In the driving method of an OLED as described above, the pixel circuit used for driving the organic luminous device is one of the key devices for displaying video data on time and correctly. In addition, since the TFT is the main element for conducting the pixel circuit and controlling the organic luminous device to continually emit light, normally the quality of a TFT is a key factor in the performance of an organic light emitting display.
Generally, the TFTs of the pixels in the prior-art OLEDS are NMOS transistors. According to the prior art, the process of fabricating such an NMOS transistor is to form a gate on a glass substrate, to deposit a gate insulating (GI) layer, an amorphous silicon layer, and a dopedn+ layer in sequence, and to remove portions of the doped n+ layer and the amorphous silicon layer to define the gate pattern. Then, an indium tin oxide (ITO) layer is formed on the glass substrate. After that, a portion of the ITO layer is removed to form the pixel electrodes. Following that, a metal layer is formed on the doped n+ layer, and a photoetching-process (PEP) is performed to remove a portion of the metal layer and the doped n+ layer to form a source and a drain, and to simultaneously expose a portion of the amorphous silicon layer. Finally, a passivation layer is formed on the source and the drain, and then a portion of the passivation layer is removed to finish the fabrication of the TFT of an OLED.
However, according to the prior art, the amorphous silicon layer is composed of silicon molecules that are not crystallized, so that the amorphous silicon layer has low electron mobility. Furthermore, the threshold voltage of the gate of a TFT with amorphous silicon material will shift depending on the fabrication process, which will result in each TFT having an uncertain gate threshold voltage. In this situation, various driving currents will be output resulting in uneven brightness, as each organic luminous device will have a differing gray-scale value. This is especially so when the TFT is under a long-time operation, as electrons may remain in the amorphous silicon layer. As a result, a voltage stress on the TFT is generated, leading to an increased uncertainty in the threshold voltages of gates that seriously degrades the display quality of the OLED.

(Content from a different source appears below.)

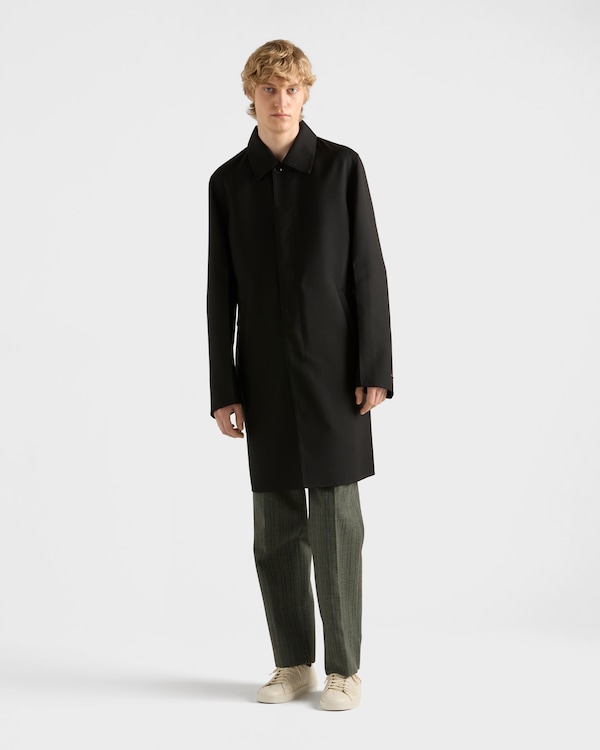 モヘヤウール レインコート - ブラック モヘヤウール レインコート - ブラック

To avoid such threshold voltage shifting, a great majority of OLED manufactures use low temperature polysiliconthin film transistors (LTPS TFT). However, the process for fabricating an LTPS TFT is more complicated and has significantly higher costs. As a result, how to produce a TFT with a stable gate threshold voltage using simple processes and using a low-cost hydrogenated amorphous silicon layer (α-Si:H layer) is an important issue.